While going through the museum exhibits leisurely, my attention was drawn to a small painted stucco head of a female. As usual, Stein has described this exhibit in minute details as;
“ Clay stucco head, female (?) ; painted. Plump oval face ; straight, normal eyes, small nose (broken) and mouth ; delicate and rather weak chin. Eyebrows well arched ; hair in short close curls (?) over brow, long in front of cars. Tiara (broken). Hair at back in loose flat bands interlacing ; at top it is drawn high up like a plume, but coiled into tight roll, presenting volutes at the sides. Flesh pink, hair black. Type very Etruscan(An ancient Italian civilization). Stick projecting downwards from neck. 3-1/2″ x 2” x 1-3/4”. ”
What I found particularly interesting was the name of the place, mentioned on the legend plate, where Stein had found this head. The name was mentioned as “Khara Khoto.” The name got stuck in my memory because it nearly matches a Marathi word, which means “True False.” Later on, I did some research and found that this is the Mongolian name of the place and means Black Castle. Chinese have several, similar sounding names for this place as Heishui City, Hēichéng or Hēishuǐchéng, which mean "black city" or "black water city". I was surprised as to why anyone would call a city as black city?
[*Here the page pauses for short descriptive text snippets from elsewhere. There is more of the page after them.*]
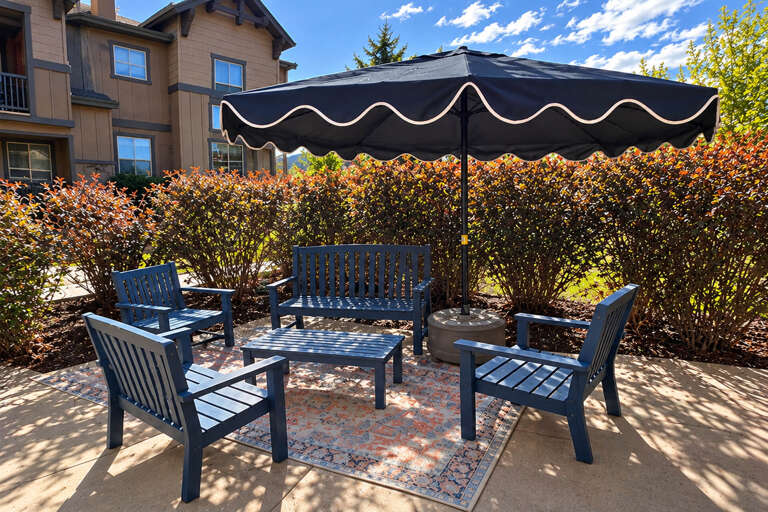 Private patio and entrance to a multi-level townhome-style vacation rental, featuring fall landscaping and mountain contemporary architecture in a peaceful residential setting.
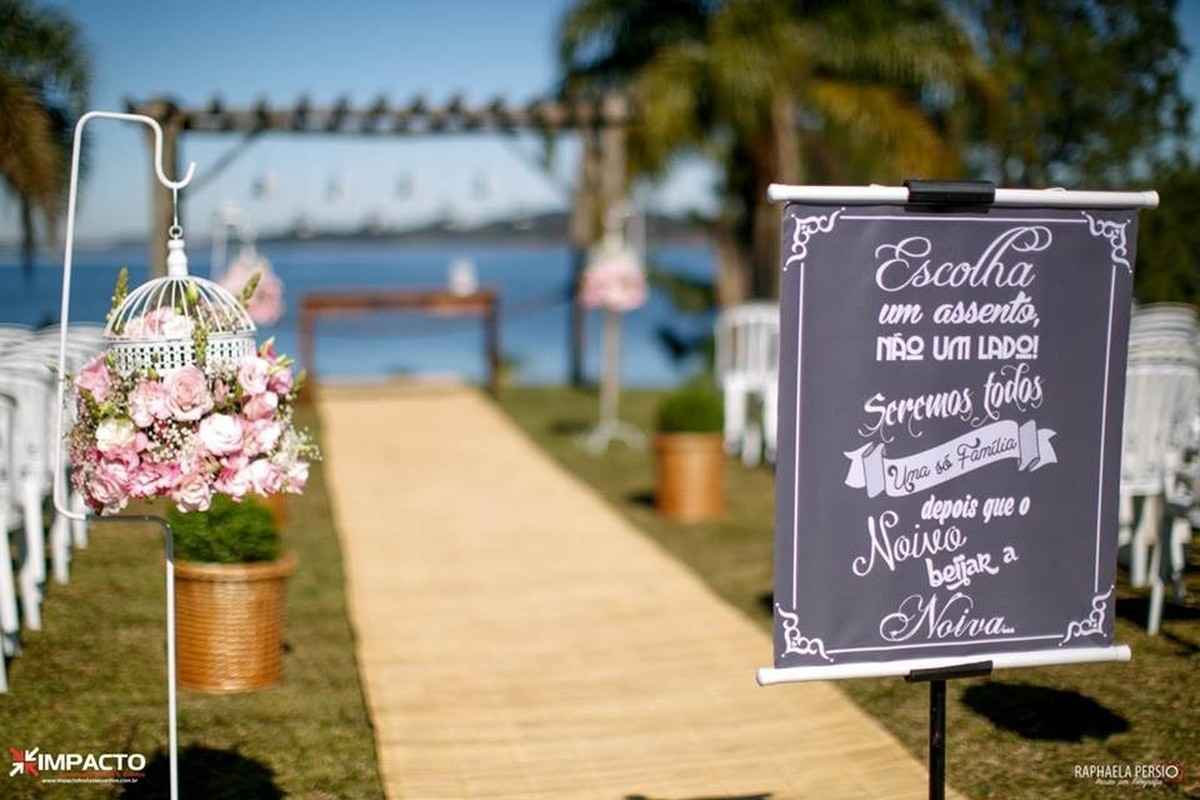 Corredor de casamento com tapete rústico e arranjos suspensos com gaiolas brancas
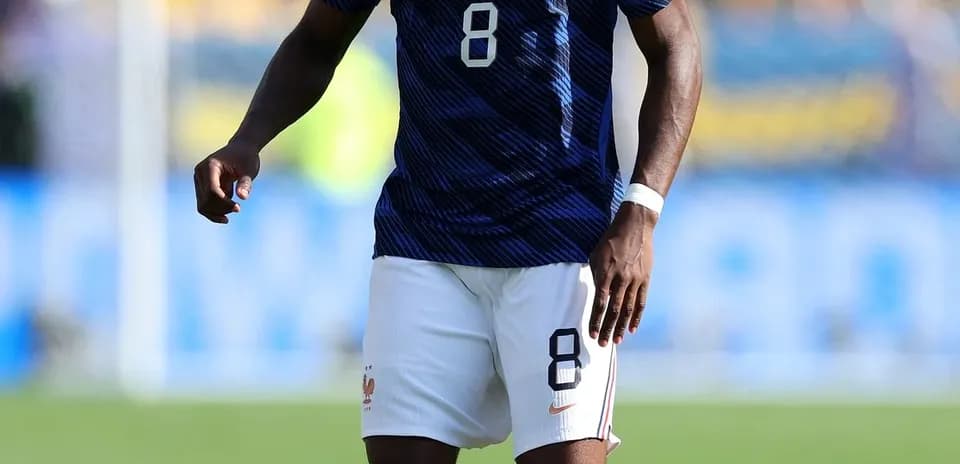 Player in France kit preparing to kick soccer ball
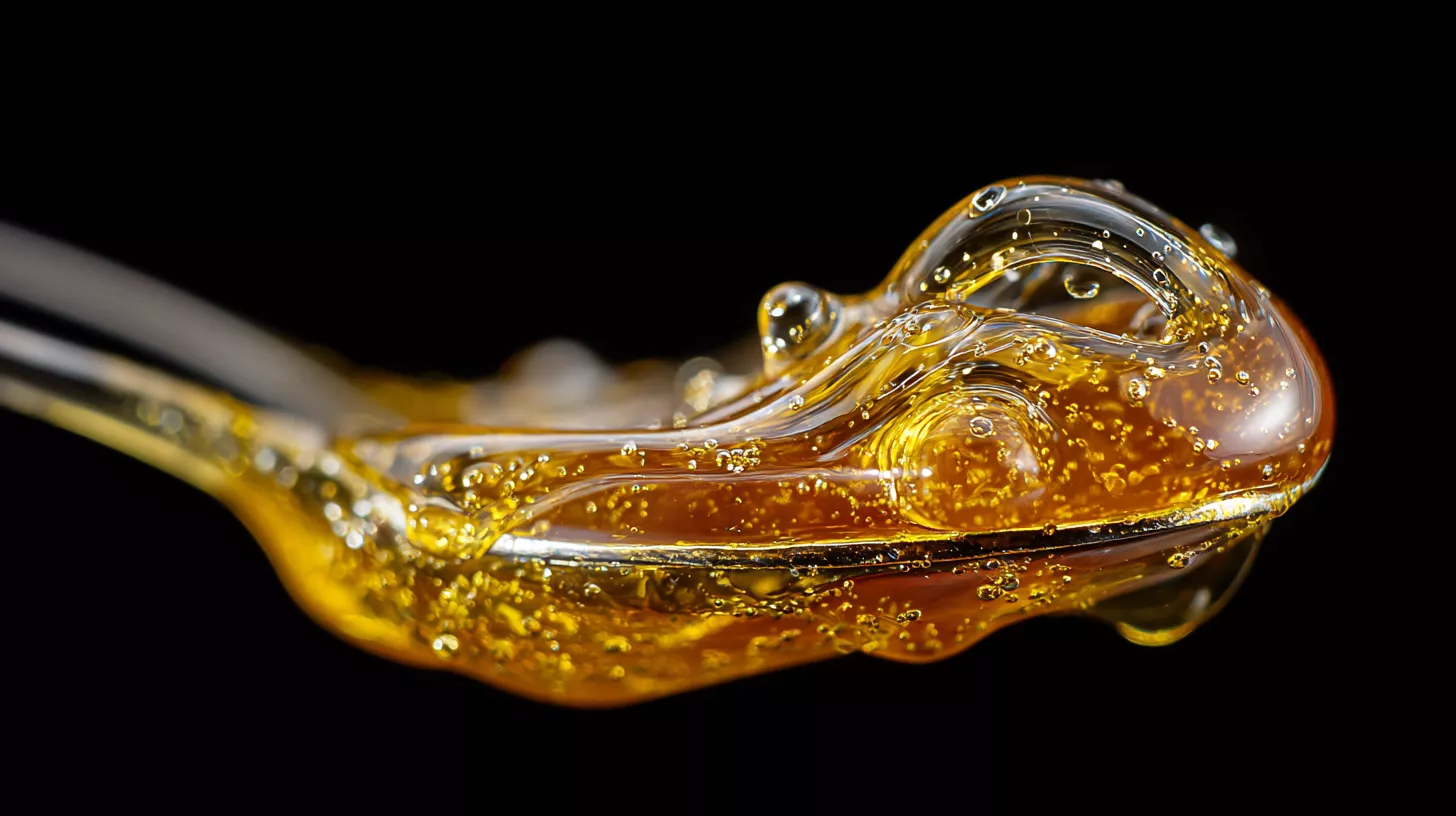 Close-up of golden honey or syrup on a spoon with glossy texture and bubbles.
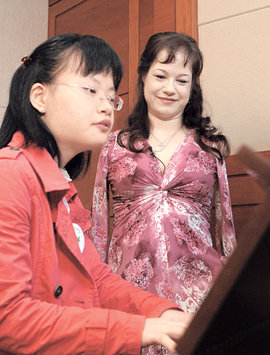 선천성 다운증후군을 앓는 임유진 씨(19)가 자신에게 피아니스트의 꿈을 갖게 해 준 복음성가 가수 레나 마리아 씨(39·오른쪽)를 22일 서울 강동구 명일동 명성교회에서 만나 피아노를 연주해 보이고 있다. 홍진환 기자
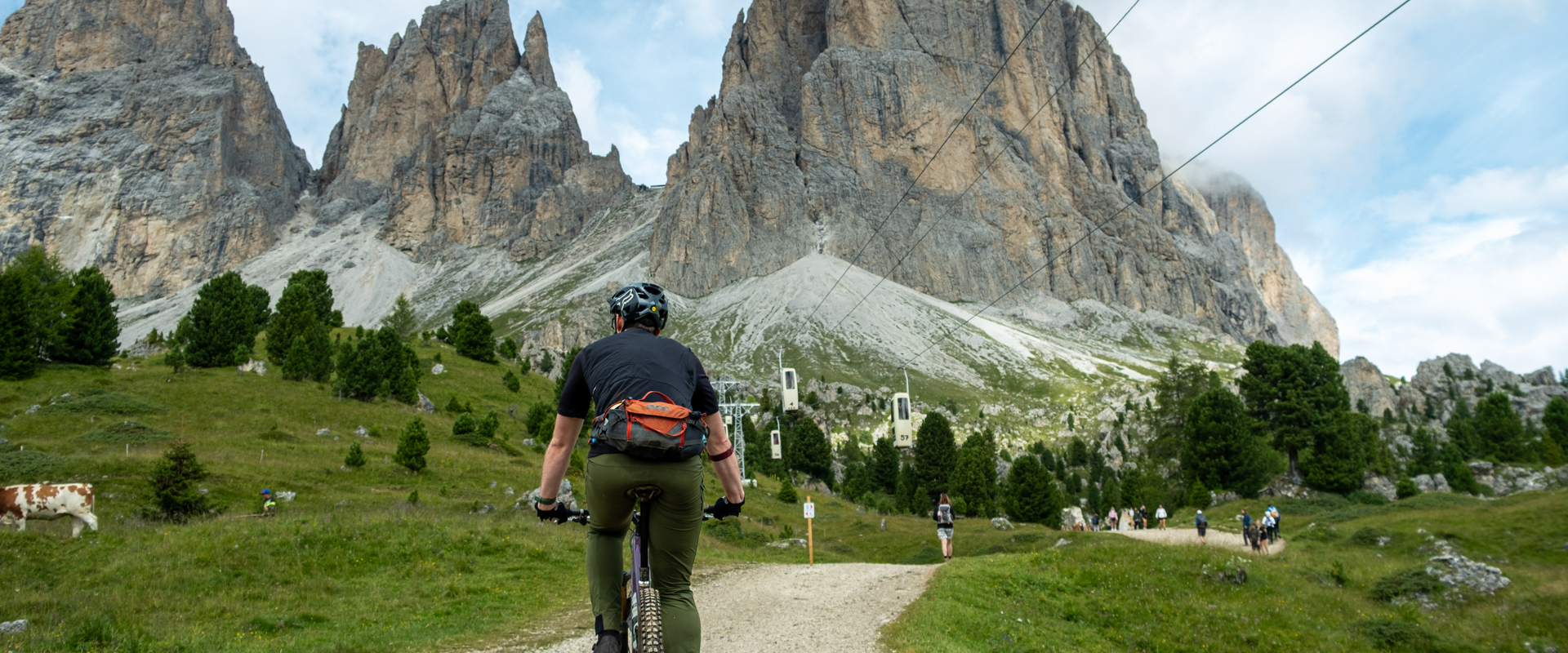 Mountain bikers on a path beneath a cable car and in front of the Dolomites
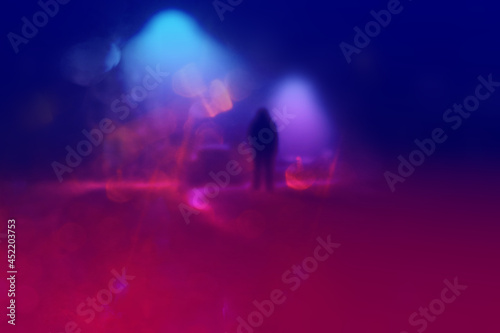 A mysterious figure standing in the middle of a road with street lights on a misty winters night. With a blurred, neon, out of focus edit © Dave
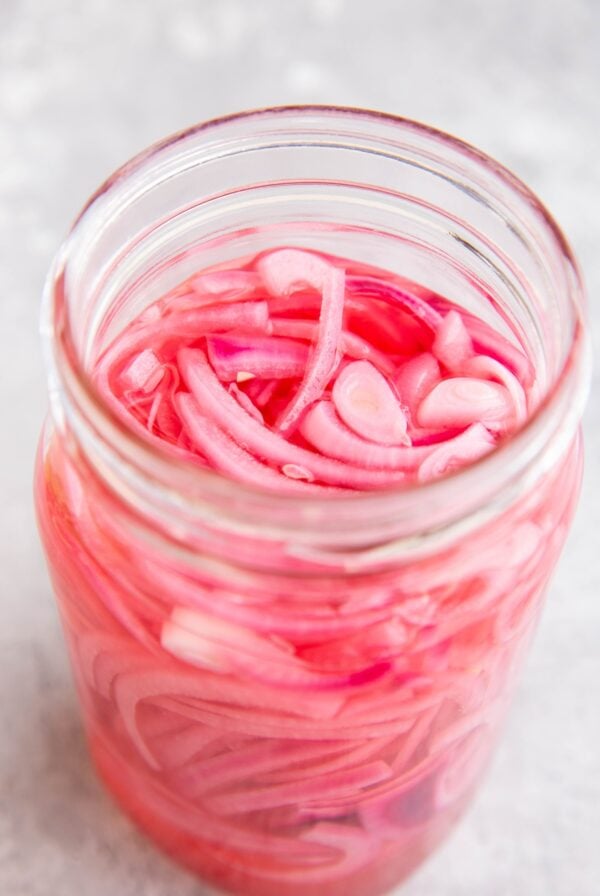 large jar of pickled red onions, ready to eat.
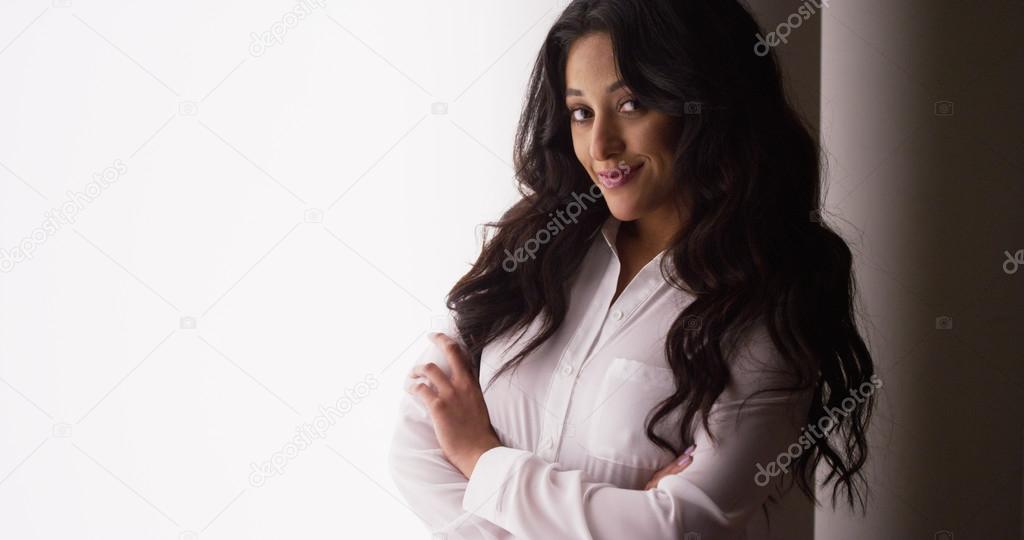Mexican businesswoman looking at camera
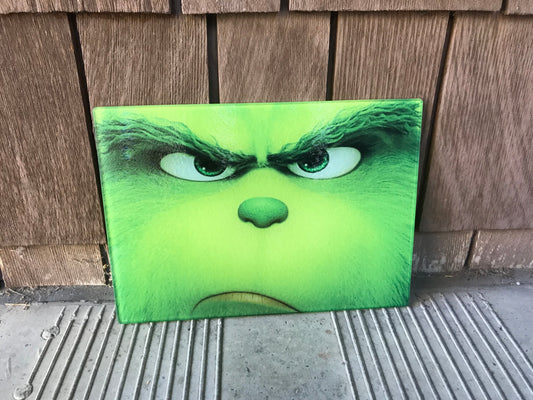 Green face cutting board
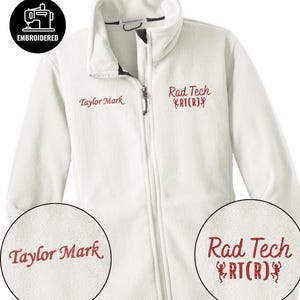 May include: A white fleece jacket with a full zipper and a high collar. The jacket has the embroidered text "Taylor Mark" on the left chest and "Rad Tech RT(R)" on the right chest in red. A black and white embroidered patch that says "EMBROIDERED" is in the upper left corner.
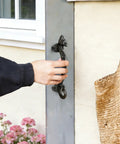 Person opening a door with a Two Pack Seahorse Cast Iron Door Handles Set, Heavy Duty Rustic Barn Cabinet Pulls For Farmhouse Drawers, Garage, Gate, Shed And Sliding Doors, Vintage Decorative Hardware attached.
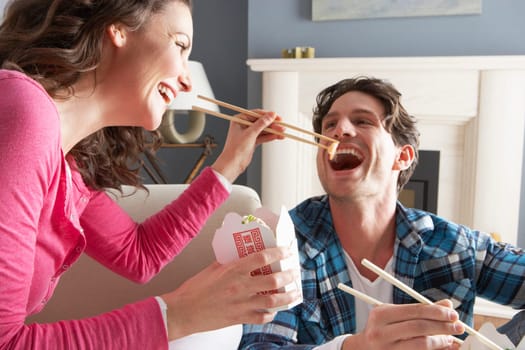 Couple Enjoying Chinese Takeaway Meal At Home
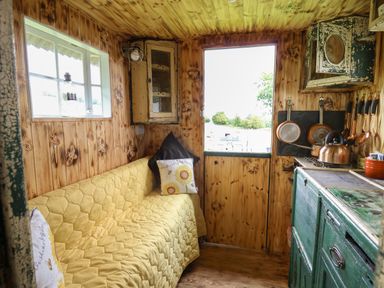 A small wooden kitchen with a yellow quilted couch two pillows a window a door a green cupboard and hanging pots at Ty Gwenyn in Talybont-On-Usk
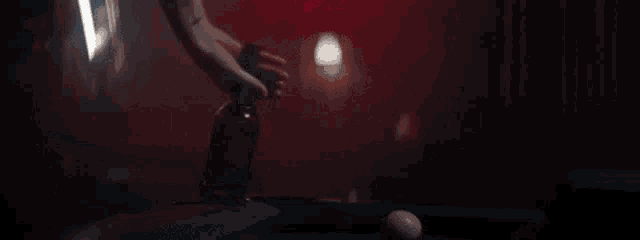 a man is kneeling down next to a woman in a dark room .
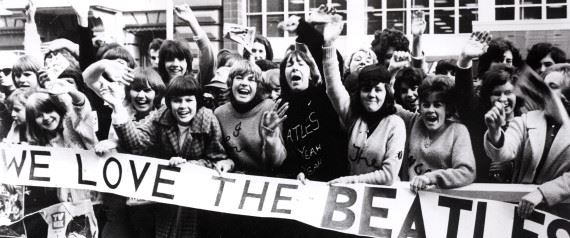 Fans of The Beatles hold a sign that says "We Love the Beatles"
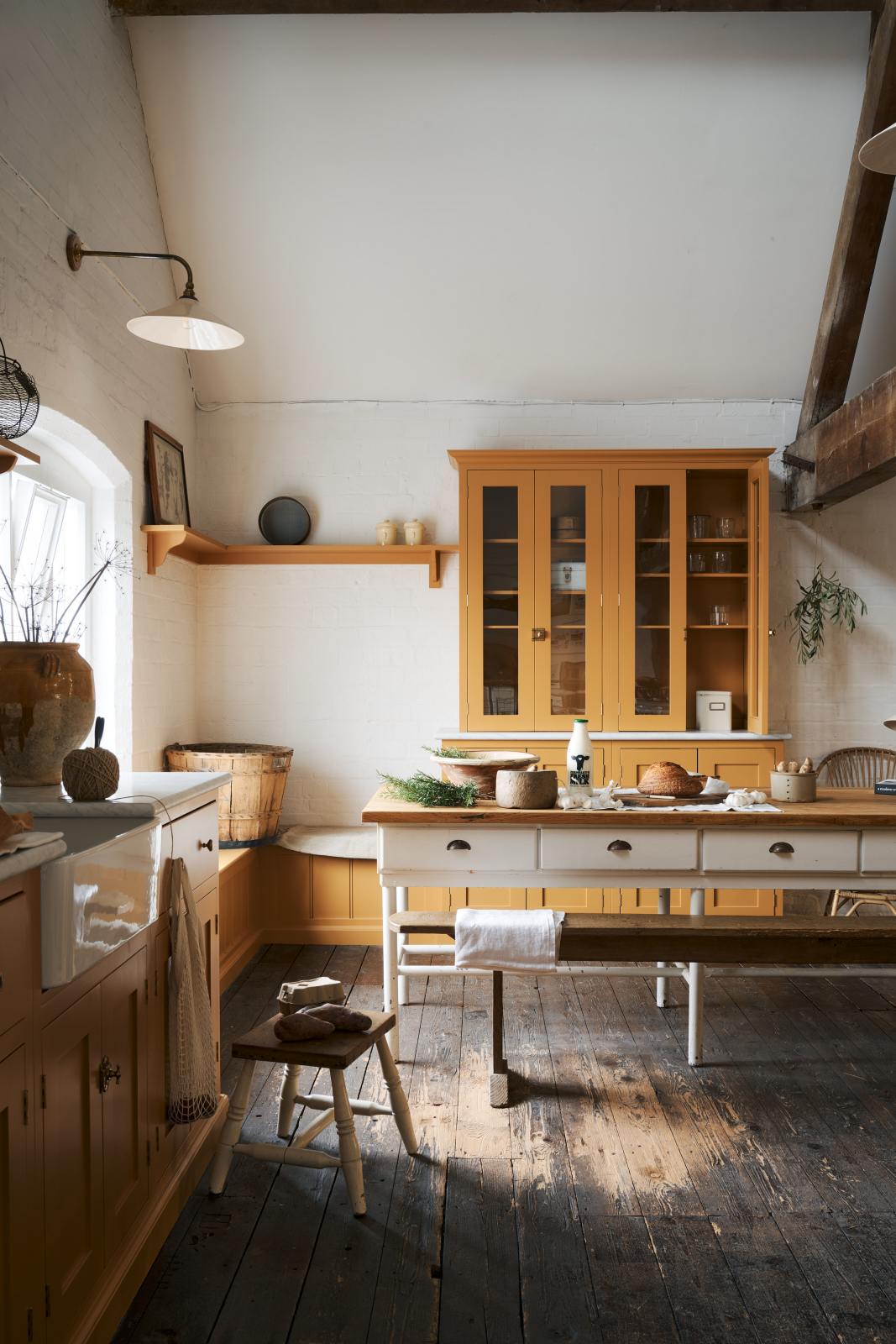 A scullery yellow shaker kitchen with a small sink run with a Carrara marble sink, a full-height cabinet, shaker shelves and a shaker bench seat. The kitchen features a single Belfast sink with aged brass Mayan taps, a collection of vintage furniture and beloved items.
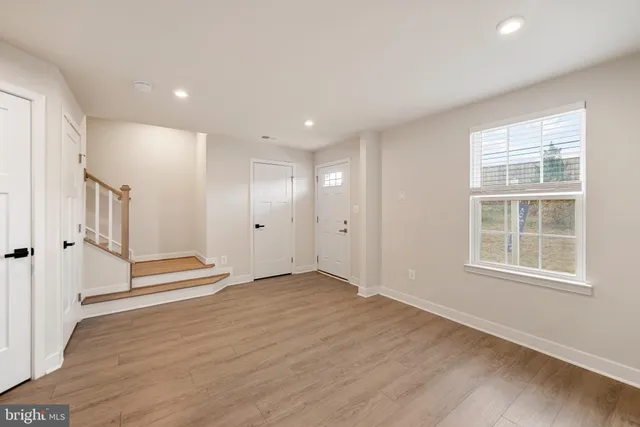 a couple of cars parked in front of a building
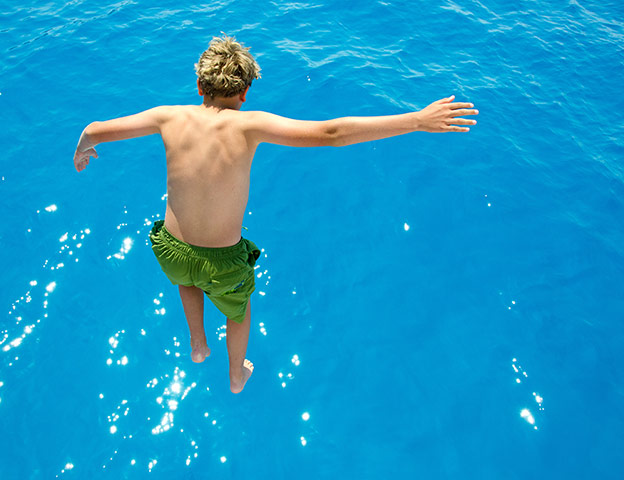 In pictures: splash: boy jumping in sea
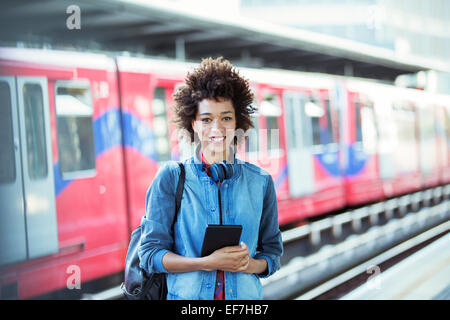 Lächelnde Frau im Bahnhof Stockfoto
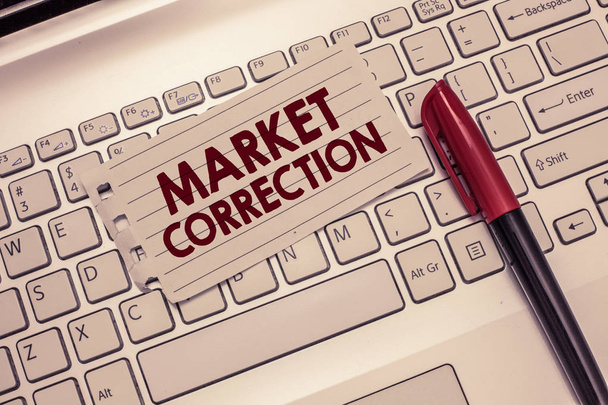 Conceptual hand writing showing Market Correction. Business photo showcasing When prices fall 10 percent from the 52 week high - Photo, Image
I decided to find out more about this strange city and found that there were many more surprises in store such as, even though the city was located on China-Mongolia border, people were not of Chinese origins, They followed Tibetan Buddhism and some of the documents had even Kharoshti and Sanskrit scripts inscribed on them and as happens with everything in central Asia, association with Genghis Khan.
The name of this city is mentioned in 'The Travels of Marco Polo (CE 1200-1300), as Etzina or Eji Nai ( in Chinese as Yijinai.) However, it is far from clear, why Mongolians named this place as Black Castle. Even the last Mongol king , who ruled the city up to 1372 was known as Khara Bator ( Baiter) or Black Bator.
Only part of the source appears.